(DATA SHOWN begins)

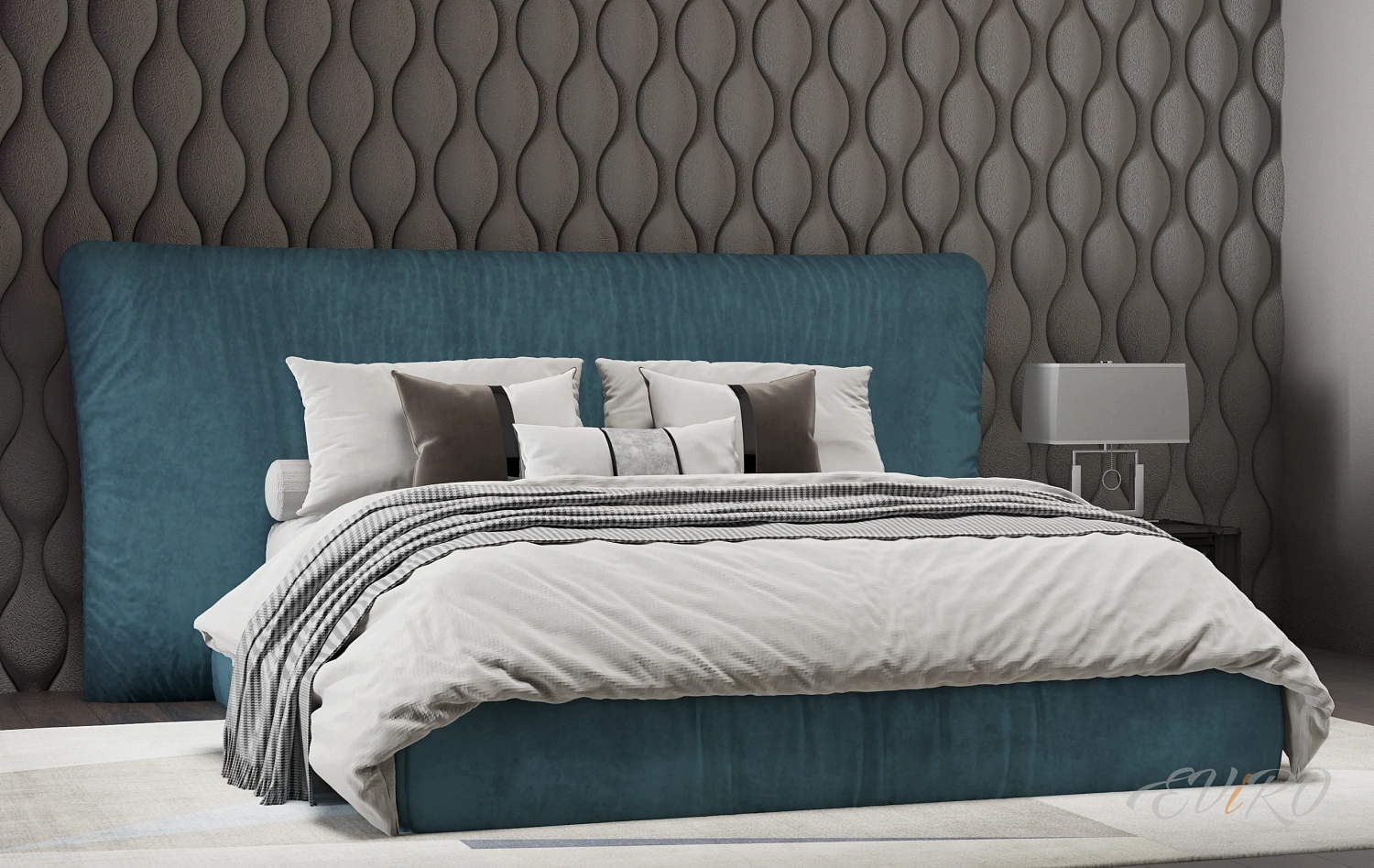 Гипсовая 3D панель EViRO Роберта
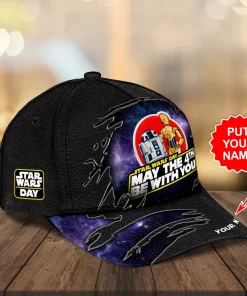 star wars day may the 4th 3d cap 2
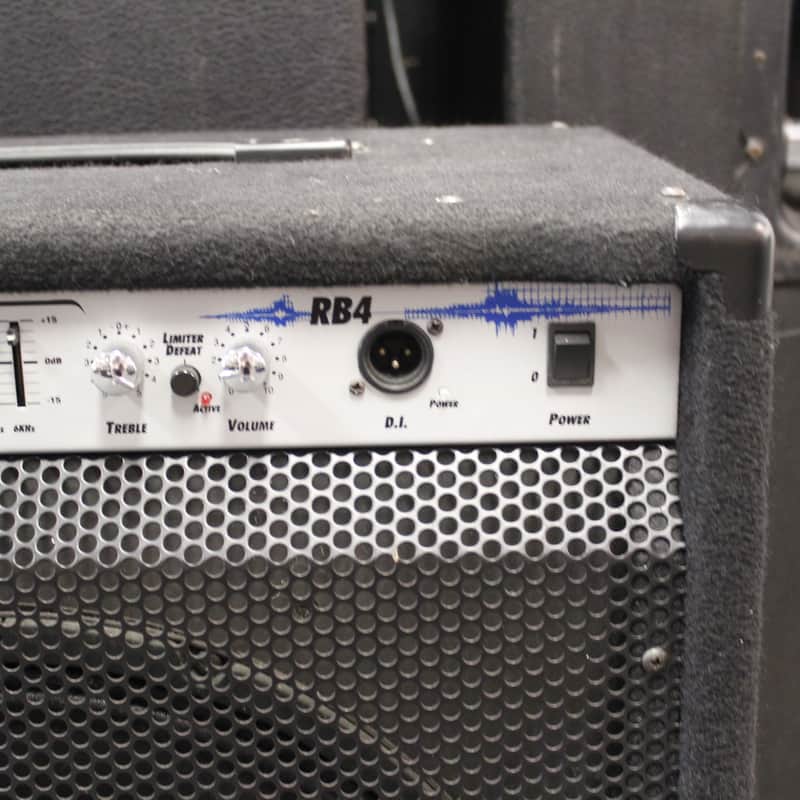 Laney RB4 Richter Bass Amp 165-watt | Reverb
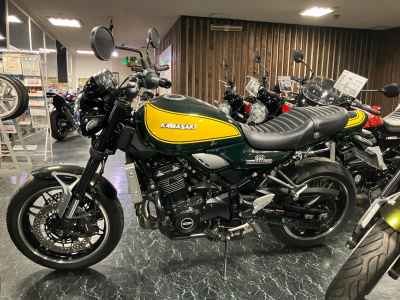 Kawasaki Z900RS Yellow Ball Edition 2024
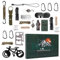 Survival Kit Adventskalender Für Männer – Survival Tools Adventskalender | Herren-Survival-Adventskalender 2024 | Survival Kit Adventskalender 2024| 24-Tage-Gadgets-Überlebensset Für Herren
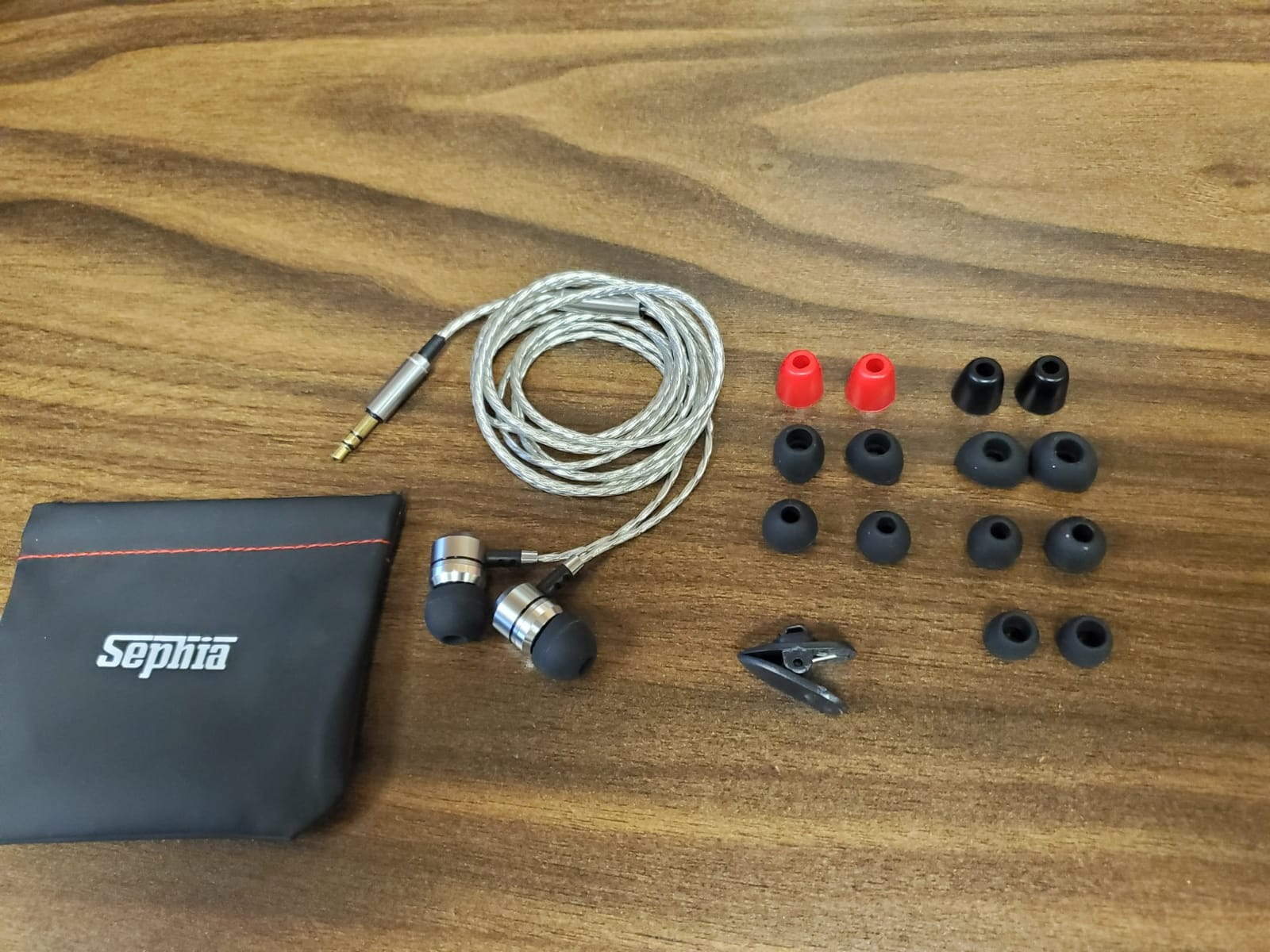 Sephia SP3060 Earbuds Wired in-Ear Headphones customer photo 2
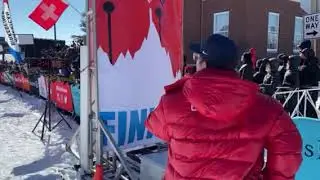 Men's 2022 Birkie Finish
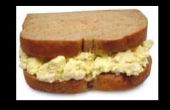 Sándwich de ensalada de huevo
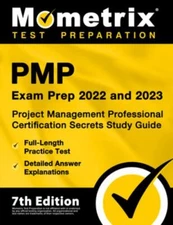 PMP Exam Prep 2022 and 2023: Project Management Professional ...  (paperback)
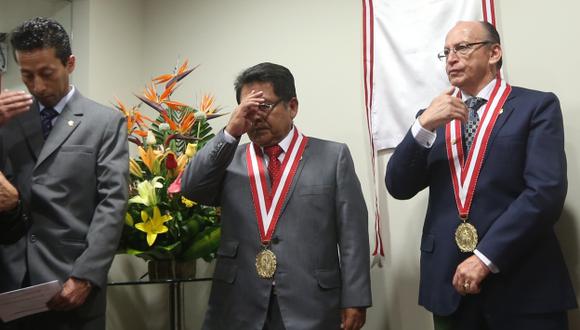 Carlos Ramos Heredia será investigado por destitución de fiscales. (USI)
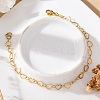 304 Stainless Steel Heart Link Bracelets LS-BJEW-I191-01-1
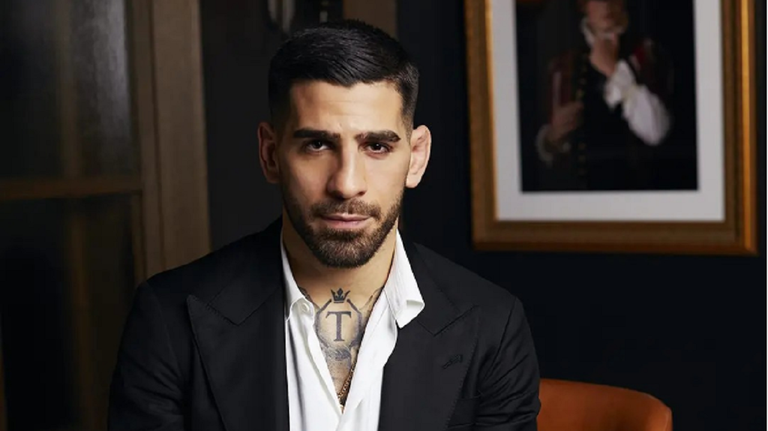 Ілія Топурія / Фото з Instagram Ілія Топурія / Фото з Instagram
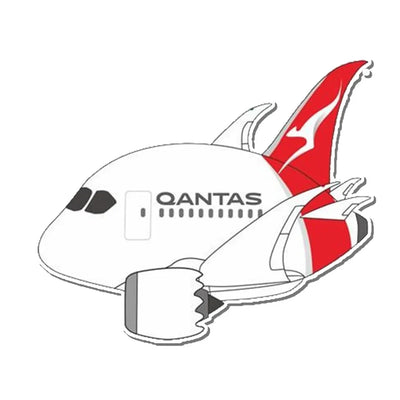 Qantas Airways Boeing 787 Dreamliner Airplanes sticker, Wide 6cm (2.3inches)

(DATA SHOWN ends)

- [EXERCISE]
Of all the material above, only the lines from the one that has "Men's 2022 Birkie Finish" down to the one that has "304 Stainless Steel" are to be written out, exactly and with both ends included. Pictures are skipped.

- [EXERCISE ANSWER]
 Men's 2022 Birkie Finish
 Sándwich de ensalada de huevo
 PMP Exam Prep 2022 and 2023: Project Management Professional ...  (paperback)
 Carlos Ramos Heredia será investigado por destitución de fiscales. (USI)
 304 Stainless Steel Heart Link Bracelets LS-BJEW-I191-01-1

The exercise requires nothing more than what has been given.